**TASK GOAL**
Nothing other than an exact copy of the records should be returned.

**INFORMATION SUPPLIED**
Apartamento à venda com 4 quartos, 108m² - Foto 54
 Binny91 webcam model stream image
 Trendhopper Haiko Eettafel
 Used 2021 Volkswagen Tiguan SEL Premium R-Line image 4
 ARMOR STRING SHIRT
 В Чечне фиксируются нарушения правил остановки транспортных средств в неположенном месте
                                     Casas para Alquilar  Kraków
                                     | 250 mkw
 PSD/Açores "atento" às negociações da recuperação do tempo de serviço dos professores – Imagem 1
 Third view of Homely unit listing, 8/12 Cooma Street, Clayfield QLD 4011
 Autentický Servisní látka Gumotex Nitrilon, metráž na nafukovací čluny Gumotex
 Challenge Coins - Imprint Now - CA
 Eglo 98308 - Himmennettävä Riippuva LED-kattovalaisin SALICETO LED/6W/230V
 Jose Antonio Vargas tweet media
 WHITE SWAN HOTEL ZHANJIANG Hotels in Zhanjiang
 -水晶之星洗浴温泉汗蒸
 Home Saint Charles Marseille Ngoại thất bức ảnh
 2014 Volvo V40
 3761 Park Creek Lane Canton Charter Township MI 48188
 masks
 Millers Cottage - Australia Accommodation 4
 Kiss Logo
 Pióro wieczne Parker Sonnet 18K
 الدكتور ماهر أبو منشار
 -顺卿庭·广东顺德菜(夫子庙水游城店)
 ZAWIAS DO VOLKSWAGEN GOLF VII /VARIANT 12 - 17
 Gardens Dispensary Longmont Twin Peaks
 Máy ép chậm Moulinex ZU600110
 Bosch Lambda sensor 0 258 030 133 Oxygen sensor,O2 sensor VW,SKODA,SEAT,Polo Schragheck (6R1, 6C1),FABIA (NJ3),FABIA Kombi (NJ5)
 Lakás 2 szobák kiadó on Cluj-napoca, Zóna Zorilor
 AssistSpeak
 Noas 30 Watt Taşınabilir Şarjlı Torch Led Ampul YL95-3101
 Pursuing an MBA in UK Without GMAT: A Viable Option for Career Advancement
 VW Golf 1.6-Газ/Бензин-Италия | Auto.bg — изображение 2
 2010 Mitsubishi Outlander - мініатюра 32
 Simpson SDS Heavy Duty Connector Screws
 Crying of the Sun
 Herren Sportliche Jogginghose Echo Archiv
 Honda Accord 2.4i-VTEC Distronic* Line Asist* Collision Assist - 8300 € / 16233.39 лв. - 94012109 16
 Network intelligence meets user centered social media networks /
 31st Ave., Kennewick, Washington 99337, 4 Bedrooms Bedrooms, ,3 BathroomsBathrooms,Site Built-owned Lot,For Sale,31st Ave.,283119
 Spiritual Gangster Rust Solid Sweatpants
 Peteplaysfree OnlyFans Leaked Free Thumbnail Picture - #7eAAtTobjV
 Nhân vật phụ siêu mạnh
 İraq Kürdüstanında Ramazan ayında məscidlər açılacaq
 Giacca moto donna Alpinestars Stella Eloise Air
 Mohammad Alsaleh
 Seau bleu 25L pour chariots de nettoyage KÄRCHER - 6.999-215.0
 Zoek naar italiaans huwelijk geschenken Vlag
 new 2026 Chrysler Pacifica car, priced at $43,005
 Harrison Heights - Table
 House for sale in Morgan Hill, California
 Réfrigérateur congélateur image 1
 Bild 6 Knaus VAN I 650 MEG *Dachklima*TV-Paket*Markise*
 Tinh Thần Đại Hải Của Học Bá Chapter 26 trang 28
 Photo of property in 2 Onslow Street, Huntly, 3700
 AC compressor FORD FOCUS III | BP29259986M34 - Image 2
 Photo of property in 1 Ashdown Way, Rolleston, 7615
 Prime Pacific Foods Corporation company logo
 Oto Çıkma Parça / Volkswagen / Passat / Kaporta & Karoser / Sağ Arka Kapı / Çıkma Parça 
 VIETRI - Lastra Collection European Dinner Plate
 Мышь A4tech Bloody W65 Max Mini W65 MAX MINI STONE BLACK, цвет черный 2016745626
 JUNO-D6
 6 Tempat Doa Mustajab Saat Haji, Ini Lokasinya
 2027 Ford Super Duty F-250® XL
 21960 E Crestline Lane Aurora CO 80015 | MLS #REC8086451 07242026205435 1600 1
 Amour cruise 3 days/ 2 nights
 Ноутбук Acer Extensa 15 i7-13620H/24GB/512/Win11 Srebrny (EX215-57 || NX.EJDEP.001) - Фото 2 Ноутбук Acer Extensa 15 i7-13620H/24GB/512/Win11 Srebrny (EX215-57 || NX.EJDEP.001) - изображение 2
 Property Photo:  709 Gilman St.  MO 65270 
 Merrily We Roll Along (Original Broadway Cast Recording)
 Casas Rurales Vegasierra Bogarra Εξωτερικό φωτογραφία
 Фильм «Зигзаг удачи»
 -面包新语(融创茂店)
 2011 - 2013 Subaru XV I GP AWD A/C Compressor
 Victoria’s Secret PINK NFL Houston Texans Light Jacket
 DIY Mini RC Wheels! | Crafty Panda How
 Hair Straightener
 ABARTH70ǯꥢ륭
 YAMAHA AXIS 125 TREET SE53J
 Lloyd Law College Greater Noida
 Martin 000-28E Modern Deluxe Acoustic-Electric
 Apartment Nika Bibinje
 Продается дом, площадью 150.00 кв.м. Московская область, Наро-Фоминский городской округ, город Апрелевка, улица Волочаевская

**RESULT FOR THIS EXERCISE**
Apartamento à venda com 4 quartos, 108m² - Foto 54
 Binny91 webcam model stream image
 Trendhopper Haiko Eettafel
 Used 2021 Volkswagen Tiguan SEL Premium R-Line image 4
 ARMOR STRING SHIRT
 В Чечне фиксируются нарушения правил остановки транспортных средств в неположенном месте
                                     Casas para Alquilar  Kraków
                                     | 250 mkw
 PSD/Açores "atento" às negociações da recuperação do tempo de serviço dos professores – Imagem 1
 Third view of Homely unit listing, 8/12 Cooma Street, Clayfield QLD 4011
 Autentický Servisní látka Gumotex Nitrilon, metráž na nafukovací čluny Gumotex
 Challenge Coins - Imprint Now - CA
 Eglo 98308 - Himmennettävä Riippuva LED-kattovalaisin SALICETO LED/6W/230V
 Jose Antonio Vargas tweet media
 WHITE SWAN HOTEL ZHANJIANG Hotels in Zhanjiang
 -水晶之星洗浴温泉汗蒸
 Home Saint Charles Marseille Ngoại thất bức ảnh
 2014 Volvo V40
 3761 Park Creek Lane Canton Charter Township MI 48188
 masks
 Millers Cottage - Australia Accommodation 4
 Kiss Logo
 Pióro wieczne Parker Sonnet 18K
 الدكتور ماهر أبو منشار
 -顺卿庭·广东顺德菜(夫子庙水游城店)
 ZAWIAS DO VOLKSWAGEN GOLF VII /VARIANT 12 - 17
 Gardens Dispensary Longmont Twin Peaks
 Máy ép chậm Moulinex ZU600110
 Bosch Lambda sensor 0 258 030 133 Oxygen sensor,O2 sensor VW,SKODA,SEAT,Polo Schragheck (6R1, 6C1),FABIA (NJ3),FABIA Kombi (NJ5)
 Lakás 2 szobák kiadó on Cluj-napoca, Zóna Zorilor
 AssistSpeak
 Noas 30 Watt Taşınabilir Şarjlı Torch Led Ampul YL95-3101
 Pursuing an MBA in UK Without GMAT: A Viable Option for Career Advancement
 VW Golf 1.6-Газ/Бензин-Италия | Auto.bg — изображение 2
 2010 Mitsubishi Outlander - мініатюра 32
 Simpson SDS Heavy Duty Connector Screws
 Crying of the Sun
 Herren Sportliche Jogginghose Echo Archiv
 Honda Accord 2.4i-VTEC Distronic* Line Asist* Collision Assist - 8300 € / 16233.39 лв. - 94012109 16
 Network intelligence meets user centered social media networks /
 31st Ave., Kennewick, Washington 99337, 4 Bedrooms Bedrooms, ,3 BathroomsBathrooms,Site Built-owned Lot,For Sale,31st Ave.,283119
 Spiritual Gangster Rust Solid Sweatpants
 Peteplaysfree OnlyFans Leaked Free Thumbnail Picture - #7eAAtTobjV
 Nhân vật phụ siêu mạnh
 İraq Kürdüstanında Ramazan ayında məscidlər açılacaq
 Giacca moto donna Alpinestars Stella Eloise Air
 Mohammad Alsaleh
 Seau bleu 25L pour chariots de nettoyage KÄRCHER - 6.999-215.0
 Zoek naar italiaans huwelijk geschenken Vlag
 new 2026 Chrysler Pacifica car, priced at $43,005
 Harrison Heights - Table
 House for sale in Morgan Hill, California
 Réfrigérateur congélateur image 1
 Bild 6 Knaus VAN I 650 MEG *Dachklima*TV-Paket*Markise*
 Tinh Thần Đại Hải Của Học Bá Chapter 26 trang 28
 Photo of property in 2 Onslow Street, Huntly, 3700
 AC compressor FORD FOCUS III | BP29259986M34 - Image 2
 Photo of property in 1 Ashdown Way, Rolleston, 7615
 Prime Pacific Foods Corporation company logo
 Oto Çıkma Parça / Volkswagen / Passat / Kaporta & Karoser / Sağ Arka Kapı / Çıkma Parça 
 VIETRI - Lastra Collection European Dinner Plate
 Мышь A4tech Bloody W65 Max Mini W65 MAX MINI STONE BLACK, цвет черный 2016745626
 JUNO-D6
 6 Tempat Doa Mustajab Saat Haji, Ini Lokasinya
 2027 Ford Super Duty F-250® XL
 21960 E Crestline Lane Aurora CO 80015 | MLS #REC8086451 07242026205435 1600 1
 Amour cruise 3 days/ 2 nights
 Ноутбук Acer Extensa 15 i7-13620H/24GB/512/Win11 Srebrny (EX215-57 || NX.EJDEP.001) - Фото 2 Ноутбук Acer Extensa 15 i7-13620H/24GB/512/Win11 Srebrny (EX215-57 || NX.EJDEP.001) - изображение 2
 Property Photo:  709 Gilman St.  MO 65270 
 Merrily We Roll Along (Original Broadway Cast Recording)
 Casas Rurales Vegasierra Bogarra Εξωτερικό φωτογραφία
 Фильм «Зигзаг удачи»
 -面包新语(融创茂店)
 2011 - 2013 Subaru XV I GP AWD A/C Compressor
 Victoria’s Secret PINK NFL Houston Texans Light Jacket
 DIY Mini RC Wheels! | Crafty Panda How
 Hair Straightener
 ABARTH70ǯꥢ륭
 YAMAHA AXIS 125 TREET SE53J
 Lloyd Law College Greater Noida
 Martin 000-28E Modern Deluxe Acoustic-Electric
 Apartment Nika Bibinje
 Продается дом, площадью 150.00 кв.м. Московская область, Наро-Фоминский городской округ, город Апрелевка, улица Волочаевская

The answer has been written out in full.